Pennarun broadened the scope of our conversation in response to a query about how Tailscale attempts, as he has written elsewhere, “to fix the internet.” What are its problems? Most of us think first of the corrosive effects that social media can have on our politics. Pennarun’s company, however, is engaged one level deeper than Facebook and Twitter: “Below the web layer is the internet layer, and over the past two decades working on the internet layer has become much more complicated.” Tailscale product designer Ross Zurowski adds, “Because the internet’s default stance is open, not secured, you have to introduce tools and systems to make it more secure. Those tools and systems are where complexity—and mistakes—get introduced.”
How have we mitigated those problems to date? Pennarun continues by suggesting we’ve defaulted to letting large corporations, which can throw resources at a problem, solve them for us. “Google, Microsoft, and Amazon provide a lot of value and allow people to do amazing things. But this centralization has also done damage.”
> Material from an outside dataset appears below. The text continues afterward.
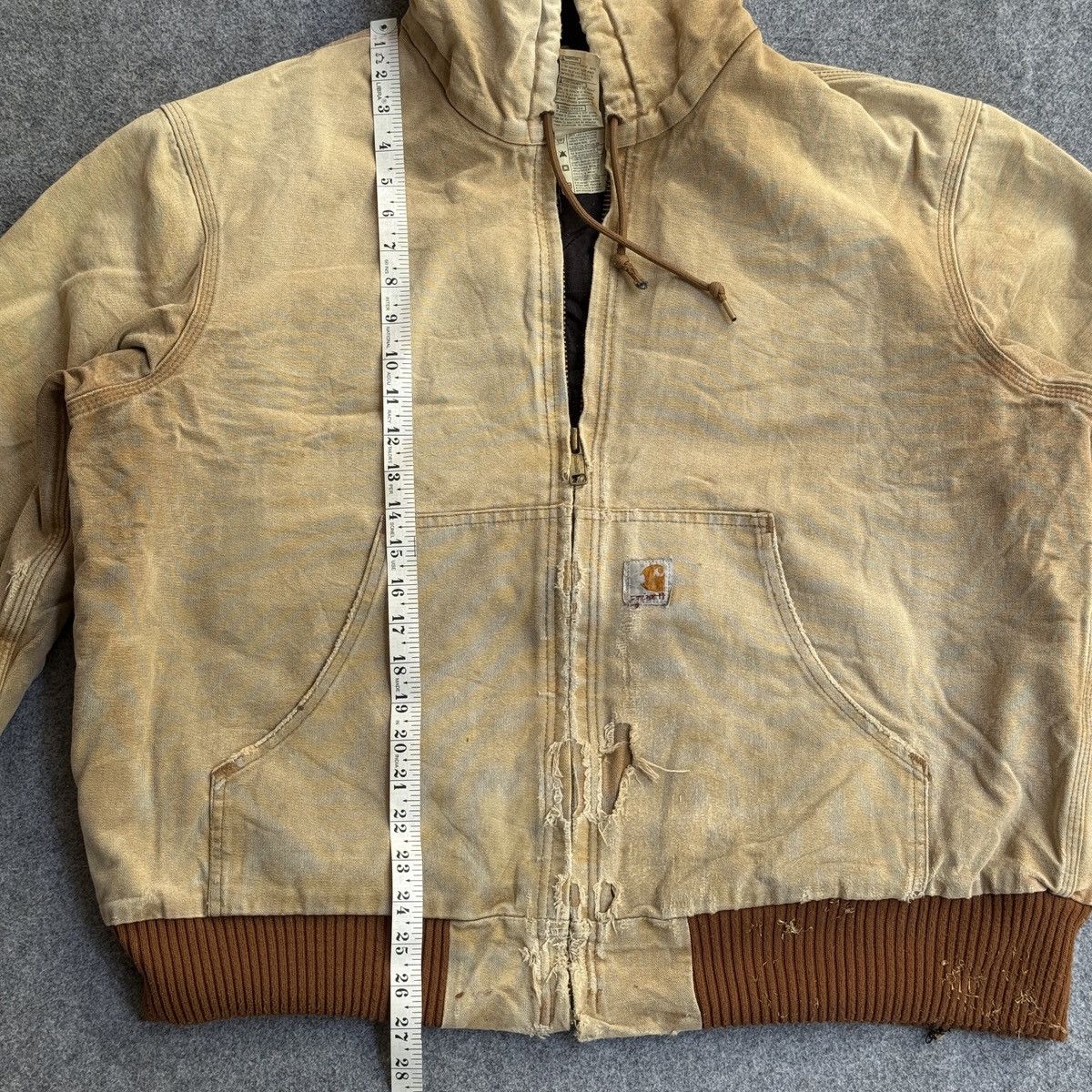 Carhartt Vintage Carhartt Active Thrashed Brown Jacket J140 BRN Size US L / EU 52-54 / 3 - 8 Thumbnail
Zurowski describes Tailscale’s governing idea as a “judo flip”: “What if we changed a few small things to get rid of all these problems? For example, at a fundamental level, Tailscale ties an identity to every piece of information that goes over a network.” Tailscale networks are also “unknown to the outside world. By default, they can’t be seen or accessed via the Internet. That helps you avoid the thorniest problems: for example, the Equifax data breach happened, essentially, because a computer on its network was also connected to the internet and a hacker guessed the password.” That’s not possible with Tailscale, where a network’s administrator has granular control over who participates in the network and what kind of access they have. It’s better for users, too: once you’re a verified user of the network (a “Tailnet”), for example, you no longer need to log in to the network’s services. You simply connect and get to work.
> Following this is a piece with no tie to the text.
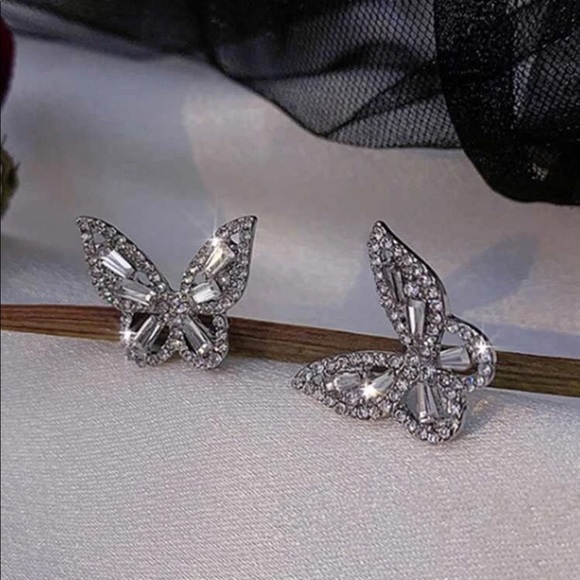 New Gorgeous Sparkly 925 Silver Butterfly Stud Ear - Picture 5 of 6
How does this tie into human culture? Until the past fifteen years, Pennarun notes, “we’ve never had the problems that arise when people have instantaneous broadcast access to millions of people, or that arise when that communication can be instantly surveilled, panopticon-style. Humans did not evolve for this, but rather to interact and work in small groups. Those small groups can coordinate, but there is a structure to those associations. It’s not a free-for-all.” He adds: “The original design of the internet was for a network of networks. You would build your own small network, then connect it to others in a sensible way, and those interchanges could have controls. It was similar to the structures that characterize human social networking.”
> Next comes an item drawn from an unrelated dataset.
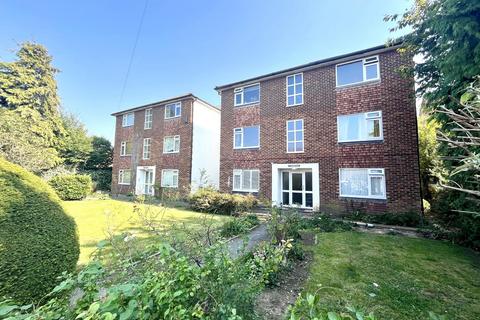 2 bedroom flat for sale, Church Lane, Chessington, Surrey. KT9 2DL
Tailscale, as a proposition, suggests that Web 2.0—the era of massive, centralized platforms—has broken that original vision of the internet. And by allowing people and organizations to easily build small networks of computers they can trust, and then invite in people they know won’t be bad actors, they won’t have to be guarded in every network interaction. “I don’t have to be as careful because my friends [or coworkers] aren’t going to attack my server with malware,” as Pennarun describes it. “We solve tangible, concrete problems for developers and IT teams. But the functionality we provide is a carrier for the bigger commentary on how we believe humans should interact.”
Yet he’s quick to distinguish what Tailscale does from Web3 advocates of complete decentralization and blockchain-based accountability, who also have opinions about how humans should interact through technology. “Our model is a careful design based on all of the [networking] options out there. What resulted from that study is a hybrid centralized-decentralized architecture. Control over the network is centralized in one location, but the data that gets exchanged is decentralized.” The system’s peer-to-peer efficiencies make the service zippy and save its customers money. But they also avoid what he sees as a problem with many Web3 solutions, which “come from a place of religious zeal for decentralization. Just because the system is centralized doesn’t mean that decentralizing it solves our problems. The actual problems are not with centralization but with many other things.”
Whether Tailscale’s hybrid vision becomes widely adopted remains an open question. But, as Pennarun says, “We are trying to set a new direction for the internet. We’re currently leading the charge. If another company beats us there, it may be a little worse for me, as a business owner, but it’s still better for everybody who uses the internet. And that’s ultimately what matters.”